This essay examines citizens’ use of cities as communicative spaces for expressing “Europeanness” – both in everyday life and in moments of mass mobilisation. It critically reflects on the notion of European urbanity as an aspirational, yet problematic ideal and seeks to decentre (Western) Europe as the default source of ideas about what it means to be European by attending to “peripheral” voices at Europe’s edge. It examines the events and symbolism of Ukraine’s 2013–2014 Euromaidan protest and its aftermath as a microcosm that reflects the broader negotiation of Ukraine’s imaginary of Europe and its own place within that imaginary.

Introduction

The notion of a large-scale protest event erupting over “European identity” may sound quaint. Yet, this is exactly what happened in Kyiv, Ukraine in November 2013, when the capital of the Eastern European country was engulfed in the flames, first metaphorical, and then literal, of mass discontent over the refusal of former President Viktor Yanukovych to sign an Association Agreement with the European Union. Though the protest, known as Euromaidan, grew to encompass many grievances against injustice, police brutality, and state corruption, at its origin was the idea of longing for – and belonging to – Europe. However, multiple notions of Europeanness were at play throughout the protest, and it is important to understand what they were, where they came from, how they were articulated, and how they have shaped the present moment.

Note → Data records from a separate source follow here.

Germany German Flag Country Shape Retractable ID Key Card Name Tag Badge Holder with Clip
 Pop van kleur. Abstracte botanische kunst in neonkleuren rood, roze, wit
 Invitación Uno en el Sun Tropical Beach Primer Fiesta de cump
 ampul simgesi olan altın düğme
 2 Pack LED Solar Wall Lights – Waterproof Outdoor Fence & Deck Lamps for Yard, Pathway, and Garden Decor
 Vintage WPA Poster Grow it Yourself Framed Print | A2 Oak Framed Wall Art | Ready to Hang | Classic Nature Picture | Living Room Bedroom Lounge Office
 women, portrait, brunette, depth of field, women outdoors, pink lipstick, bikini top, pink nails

This essay examines the concept of “Europeanness” by examining how citizens use cities as communicative spaces for expressing their values, hopes, and concerns – both in everyday life and in moments of mass mobilisation. It offers a critical reflection on the notion of European urbanity as an aspirational, yet problematic ideal and seeks to decentre (Western) Europe as the default source of ideas about what it means to be European by attending to “peripheral” voices at Europe’s edge. My reflections stem from my own ethnographic fieldwork during Ukraine’s Euromaidan protest, which entailed in-depth interviews with protesters, a multimodal ethnography of material (urban) and digital (social media) protest spaces, analysis of visual and textual protest materials, and protest coverage in the media. I also build on the work of scholars of urban communication and urban protest who have examined how cities are used as a communicative medium for expressing cultural aspirations or a space for claims-making.Footnote1 I consider how the meaning of being “European” or belonging to “Europe” has been imagined and interpreted by urban citizens of a country such as Ukraine, bordering the EU and tied to it with multiple connections, but not a part of the European Union in any institutional sense. The Euromaidan protest of 2013–2014, whose name itself combines the words “Euro(pe)” and “maidan” (the Ukrainian word for square, borrowed from Turkish and Crimean Tatar), is a sort of boundary object-event that offers a unique opportunity to examine Ukrainians’ complicated history with and perception of Europe as communicated and expressed by protest participants through their appropriation of public spaces in Kyiv, the Ukrainian capital.

Which Europe?

Europe’s borders have shifted and transformed throughout its history, and its overall shape is hard to grasp all at once. In fact, it often seems that Europe presents multiple visages to the beholder, depending on the angle: here is the problematic colonial mien that most seek to forget, there is the cosmopolitan centre of learning and enlightenment. Look to the side, and the pogroms and concentration camps loom in the distance, ever-present. But let the gaze shift, and the post-Second World War united European project drifts into view. To say these histories are complicated would be modest at best. Despite these trials, the European community has evolved and expanded – though the European imaginary arguably expanded more quickly and prodigiously, paving the way for the expansion of the Europe of institutions. Amid the ongoing geographical transformations of its formal boundaries, the idea of Europe took on a life of its own, and the institution of Europe has struggled to keep up.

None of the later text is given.